Dove si reperiscono i moduli
Il modello di dichiarazione e il software, aggiornati al 2011, per la compilazione della domanda da presentare all'Ufficio dell'Agenzia delle Dogane territorialmente competente saranno resi disponibili sul sito dell'Agenzia delle Dogane entro la fine del mese di gennaio.


TRIMESTRALIZZAZIONI DEI RIMBORSI DELLE ACCISE 2012: ECCO COSA C’È DA SAPERE
L’art. 61 del decreto sulle liberalizzazioni modifica il regolamento che disciplina la procedura per ottenere il rimborso delle accise (D.P.R 277/2000), innovando diversi aspetti. Vediamo le principali novità.

Entro quando presentare la domanda
La richiesta per ottenere la misura deve presentarsi, a pena di decadenza dal diritto, entro il mese successivo alla scadenza di ciascun trimestre solare in cui sono stati eseguiti i consumi. Viene quindi meno il termine che è stato osservato fino a oggi, quello cioè del 30 giugno dell’anno successivo alla scadenza dell’anno solare di riferimento.
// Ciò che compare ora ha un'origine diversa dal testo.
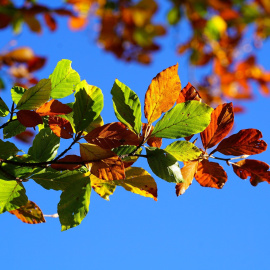 Imagen de un árbol en otoño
Di conseguenza, anche il chilometraggio da specificare nella domanda sarà quello registrato alla fine del trimestre oggetto della domanda di recupero.
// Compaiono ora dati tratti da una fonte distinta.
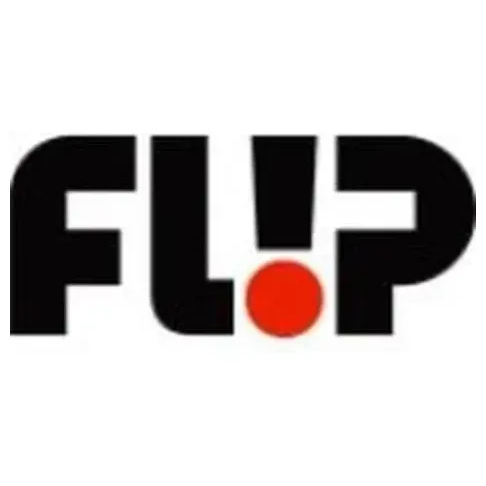 Flip Skateboards brand logo for flipskateboards.com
Per quanto tempo può essere utilizzato il credito di imposta
Viene allungata la scadenza entro la quale il credito di imposta è utilizzabile in compensazione: in pratica ci sarà un anno di tempo in più, visto che il decreto fissa tale scadenza al 31 Dicembre dell’anno solare successivo a quello in cui è sorto il credito. 

Entro quale cifra si può sfruttare il credito di imposta
L’ammontare del credito di imposta per il rimborso delle accise, non è soggetto al limite di utilizzo di 250.000 euro annui, fissato in generale per tutti i crediti di imposta dall’art.1, comma 53 della Legge 244/2007.

Quanto costa la trimestralizzazione e dove si reperiscono le risorse
L’anticipo dei tempi per fruire di questa misura comporta una spesa, per le casse dello Stato, di 26,4 milioni, finanziata con una parte dei 400 milioni di euro già stanziati per il settore dall’art.33, comma 10 della Legge 183/2011 (Legge di stabilità 2012).

Quanto incideranno sui rimborsi ulteriori aumenti di accise
Il rimborso delle accise per gli autotrasportatori diventa una misura strutturale. Pertanto, ogniqualvolta, in futuro, verranno decisi nuovi incrementi della accise, non ci sarà bisogno (com’è invece stato finora) di una norma specifica che riconosca il diritto delle imprese di autotrasporto a recuperare questi incrementi. Ciò vale anche per quegli aumenti che potranno essere decisi nel 2012 con provvedimento del direttore dell’Agenzia delle Dogane, ai sensi dell’art.33, comma 30 della predetta Legge di stabilità 2012.